Fundagelicals set up a choice every bit as petty, mean-spirited, and cruel as one made by a middle-school twit: “You can be friends with us, or you can be friends with them, but you can’t be friends with us both.”
“We’d rather have them than you.”
Dogs don’t bark at what don’t move, as my own pastors said years ago. Fundagelicals have directed the full blast of their rage against LGBTQ people because they know that the rights that group is getting are a sign of fundagelicals’ power fading and fading quickly.
We are granting LGBTQ people protection against fundagelical harassment and cruelty. We are getting out of the way of LGBTQ folks’ exercise of their rights. We’re starting to be okay with them being visible parts of our society. And make no mistake about it: fundagelicals see these social changes and know that every bit of it is a raised middle finger to their demands. They know that every single advance that LGBTQ people make is a bit of further erosion of the Christian Right’s own power.
Maybe the reason they’re all so hung up on the 1950s as “the good ole days” is because back then, they made these same exact demands and worse ones besides and set this same exact Mean Girl choice before Americans, and we folded.
We folded, gang.
We let them tell us to mistreat, harass, and persecute people based solely on fundagelicals’ say-so. We shat all over the ideals of our Founding Fathers and became monsters because fundagelicals needed power and knew that stoking fear and anger against Others was a great way to do it.

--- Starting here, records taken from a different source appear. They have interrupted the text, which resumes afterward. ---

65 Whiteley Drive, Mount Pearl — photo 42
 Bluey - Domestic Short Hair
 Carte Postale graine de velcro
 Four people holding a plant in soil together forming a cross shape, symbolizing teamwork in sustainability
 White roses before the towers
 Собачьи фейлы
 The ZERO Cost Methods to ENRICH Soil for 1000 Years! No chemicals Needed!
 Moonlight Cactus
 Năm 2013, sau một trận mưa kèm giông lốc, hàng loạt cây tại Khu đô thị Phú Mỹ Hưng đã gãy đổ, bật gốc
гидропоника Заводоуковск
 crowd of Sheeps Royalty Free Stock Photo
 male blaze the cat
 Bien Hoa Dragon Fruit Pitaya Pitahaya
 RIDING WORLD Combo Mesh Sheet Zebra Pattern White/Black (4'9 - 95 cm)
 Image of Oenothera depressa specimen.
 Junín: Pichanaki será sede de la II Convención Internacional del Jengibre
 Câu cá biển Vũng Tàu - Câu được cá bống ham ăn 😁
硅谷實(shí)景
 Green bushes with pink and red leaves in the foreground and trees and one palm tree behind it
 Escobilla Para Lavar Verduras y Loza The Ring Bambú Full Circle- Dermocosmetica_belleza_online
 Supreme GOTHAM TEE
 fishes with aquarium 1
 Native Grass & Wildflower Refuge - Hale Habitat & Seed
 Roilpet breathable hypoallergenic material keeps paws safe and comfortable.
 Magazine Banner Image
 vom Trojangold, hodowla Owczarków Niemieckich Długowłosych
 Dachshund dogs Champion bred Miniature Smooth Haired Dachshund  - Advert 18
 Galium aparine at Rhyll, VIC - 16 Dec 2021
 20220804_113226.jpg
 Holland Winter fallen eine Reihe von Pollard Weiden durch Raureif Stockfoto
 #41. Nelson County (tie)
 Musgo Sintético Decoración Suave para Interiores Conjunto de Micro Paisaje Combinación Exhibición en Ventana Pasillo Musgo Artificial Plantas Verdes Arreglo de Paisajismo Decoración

The current overly-politicized climate of modern American Christianity can in large part be traced to the abuses and excesses of fundagelical crusading in the 1950s. They said “Jump!” and the rest of America went “How high?”
No wonder they want to return America to those days.
But their gamble failed. They chose the wrong group to harass and persecute. They went after the rights of the wrong people.
And it’s going to cost them, quite possibly, the last vestiges of their power in American society–and maybe even in the civilized world itself.
For some reason, though, I’m not feeling super-sympathetic. Irrelevance couldn’t possibly happen to a more deserving group of shameful hypocrites.
(Not to go all #notallchristians on y’all, but Beth wrote a very good post about this topic, one which I hope her peers read and take to heart.)
* Speaking of blathering: I had to go chase down Bumble several times yesterday and wash his mouth out because he was spewing soapy froth. I had no idea how he was getting into soap, until Mr. Captain found my shower scrubby-stuff laying flat on the floor of the bathtub, its nozzle suspiciously chewed up. Bumble was fundagelical-ing all over the place!